Print exactly, and only, the lines from the one that has "Car Seat Cocoon - Tundra" through the end of the material below, with both ends included and the pictures omitted.

§ **Material provided**:
=== Begin Enclosure ===

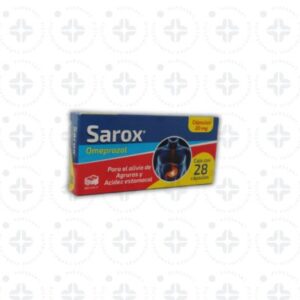 SAROX 20 MG C/ 28 CAPS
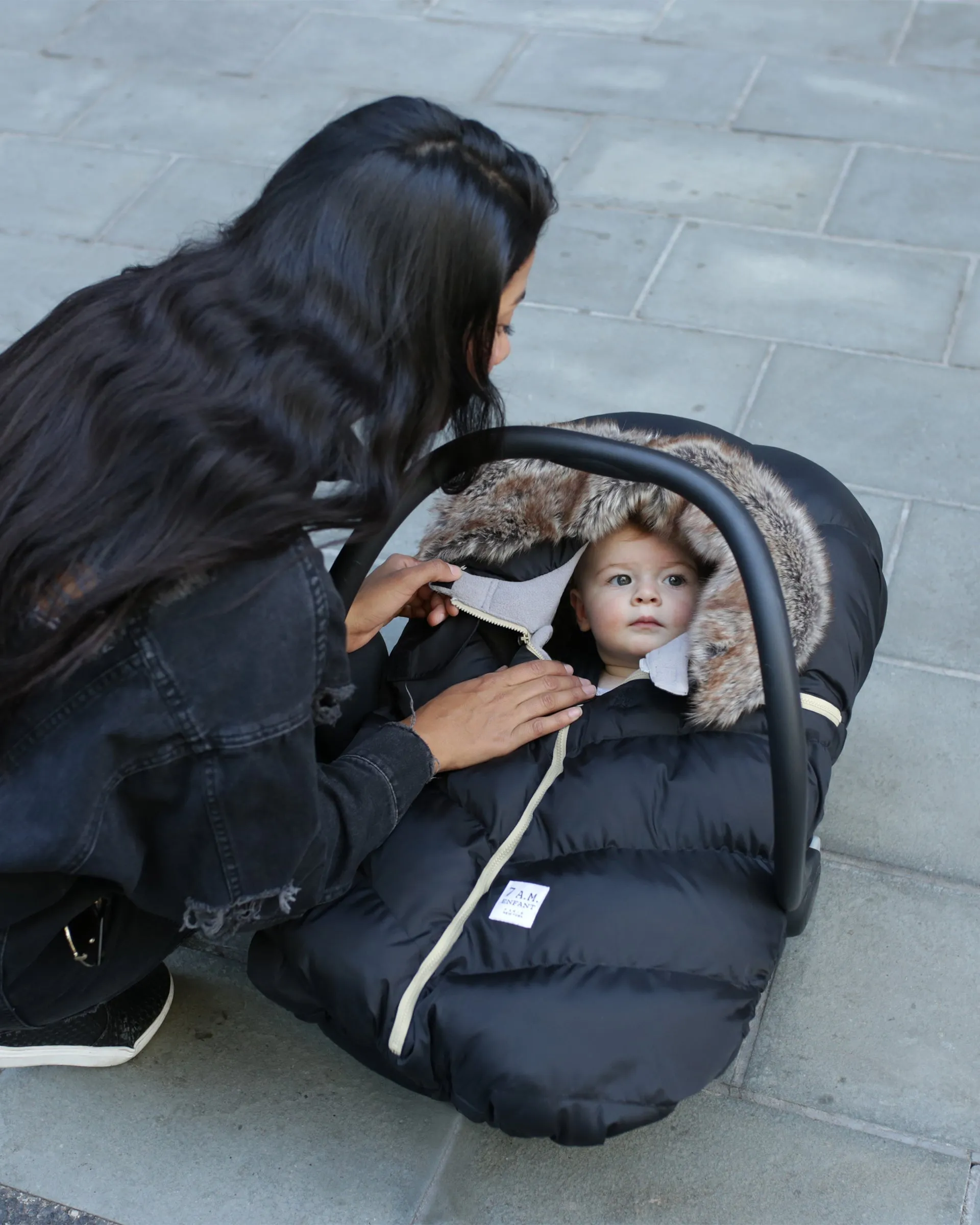 Car Seat Cocoon - Tundra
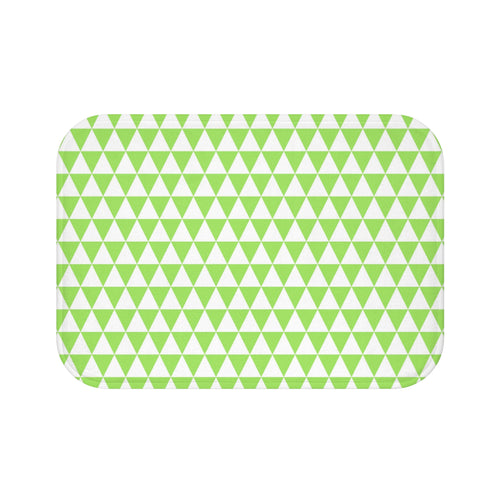 Bath Mat, Colorful Bath Mat, Green Bath Mat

=== End Enclosure ===

§ **Task solution**:
 Car Seat Cocoon - Tundra
 Bath Mat, Colorful Bath Mat, Green Bath Mat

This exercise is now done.